Craig Newmark comes clean on the wild tale of Cox blocking today, admitting it was a bug and not a feature:
The whole thing was exacerbated by folks talking about ‘net neutrality…The message from some is that blocking sites is something that big telecoms might do and in all the confusion, that message turned into an incorrect message that an ISP actually did. To repeat, none of this was deliberate. However, it does illustrate a downside of journalism via blogs; stuff is published, then maybe fact-checked.
It sounds like he’s suggesting in a round-about way that he was, like, brainwashed by Matt Stoller and Save the Internet, doesn’t it? Damn that must be painful.
Give Craig a candy, he’s trying to do the right thing.
Craig is not a liar, and he didn’t issue a retraction.
My review of Authentium’s treatment of the blocking issue showed an excellent and timely technical response, a very good customer support response to users, and only a so-so communication response to Craig.
When our engineers see a problem they fix it and give the fix to our support people.
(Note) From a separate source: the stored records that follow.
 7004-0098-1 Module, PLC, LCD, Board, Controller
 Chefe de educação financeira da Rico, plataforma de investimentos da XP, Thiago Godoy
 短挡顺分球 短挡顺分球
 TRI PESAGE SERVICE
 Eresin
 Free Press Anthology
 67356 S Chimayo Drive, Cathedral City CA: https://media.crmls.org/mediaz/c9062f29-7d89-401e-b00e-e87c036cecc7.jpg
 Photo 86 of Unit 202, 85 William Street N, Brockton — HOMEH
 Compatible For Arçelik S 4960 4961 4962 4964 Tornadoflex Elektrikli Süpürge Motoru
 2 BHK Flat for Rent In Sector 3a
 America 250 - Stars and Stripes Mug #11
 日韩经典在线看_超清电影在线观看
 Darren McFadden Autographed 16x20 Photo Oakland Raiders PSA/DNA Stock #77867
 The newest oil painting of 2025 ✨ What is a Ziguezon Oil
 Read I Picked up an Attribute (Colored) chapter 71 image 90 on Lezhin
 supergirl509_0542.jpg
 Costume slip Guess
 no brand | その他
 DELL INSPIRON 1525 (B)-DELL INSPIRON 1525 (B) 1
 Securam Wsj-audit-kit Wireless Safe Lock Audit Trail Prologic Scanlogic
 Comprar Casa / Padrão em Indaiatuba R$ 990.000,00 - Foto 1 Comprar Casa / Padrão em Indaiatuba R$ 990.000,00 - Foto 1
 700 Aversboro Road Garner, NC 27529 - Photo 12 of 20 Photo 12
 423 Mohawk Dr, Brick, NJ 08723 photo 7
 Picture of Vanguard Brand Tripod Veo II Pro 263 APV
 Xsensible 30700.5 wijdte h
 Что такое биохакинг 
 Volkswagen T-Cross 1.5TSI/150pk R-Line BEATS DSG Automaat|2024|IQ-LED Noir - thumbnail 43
We did all that in about a week back in March.
Unfortunately Craig did not get the email he deserved, which left him and his company in the dark until the blogosphere got involved in June.
And the rest is history.
Somehow the story got from Craig’s List to the media, and I think that’s the interesting connection. The first media accounts accused you of “discrimination” and I still don’t know who planted that idea. So we’ll have to wait and see whether Craig was the liar who did that or someone else did.
It is clear is that Matt Stoller and Tim Karr lied about this story.